***** ENTRIES SHOWN

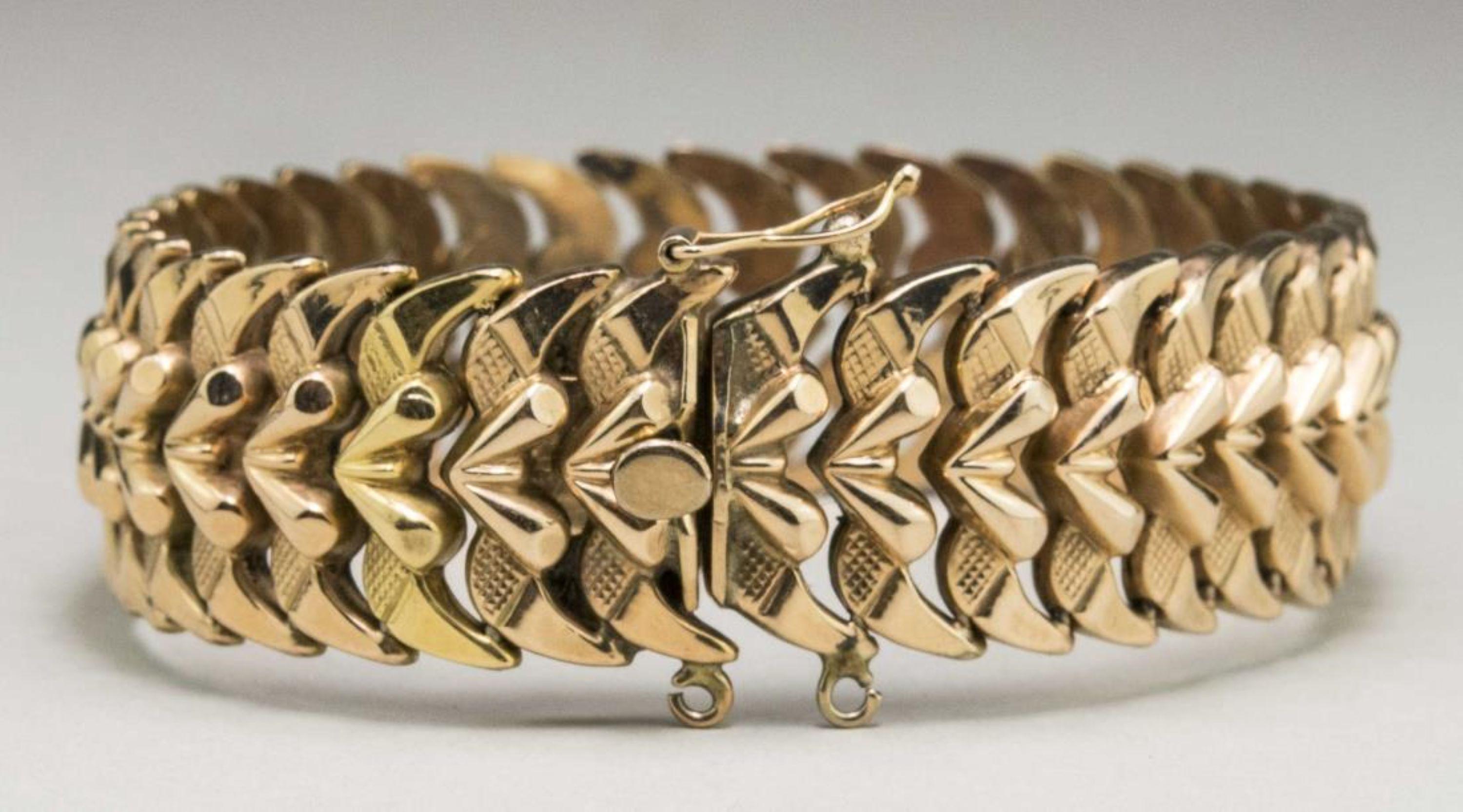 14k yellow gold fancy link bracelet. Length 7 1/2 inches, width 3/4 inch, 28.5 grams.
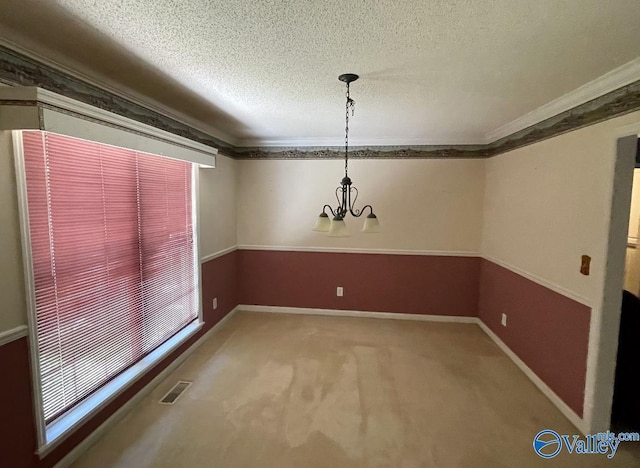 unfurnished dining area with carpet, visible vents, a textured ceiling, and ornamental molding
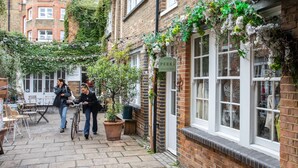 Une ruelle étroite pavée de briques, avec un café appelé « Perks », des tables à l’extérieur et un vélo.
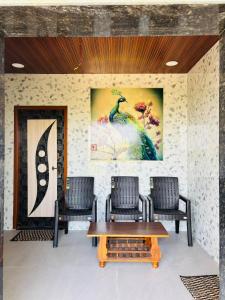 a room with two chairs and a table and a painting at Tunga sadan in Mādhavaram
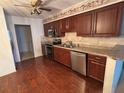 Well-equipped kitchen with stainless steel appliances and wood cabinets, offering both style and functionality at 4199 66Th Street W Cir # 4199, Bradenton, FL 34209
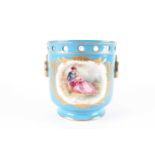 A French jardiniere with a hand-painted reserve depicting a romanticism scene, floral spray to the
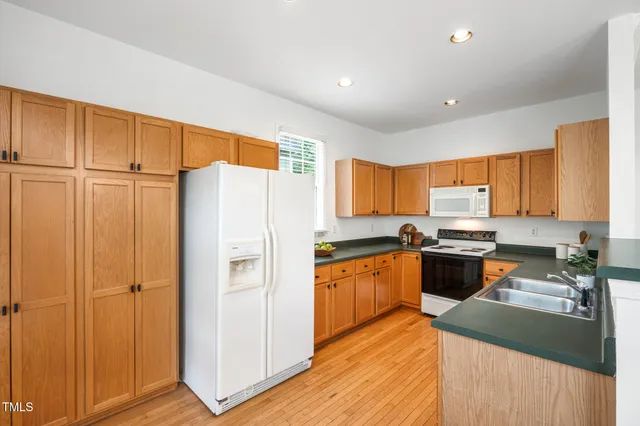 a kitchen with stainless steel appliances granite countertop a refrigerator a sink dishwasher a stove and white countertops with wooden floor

**********

**EXERCISE REQUIREMENTS**
Everything from the line with "A French jardiniere" through the last line above must be repeated exactly, except the pictures.

**RESULT**
 A French jardiniere with a hand-painted reserve depicting a romanticism scene, floral spray to the
 a kitchen with stainless steel appliances granite countertop a refrigerator a sink dishwasher a stove and white countertops with wooden floor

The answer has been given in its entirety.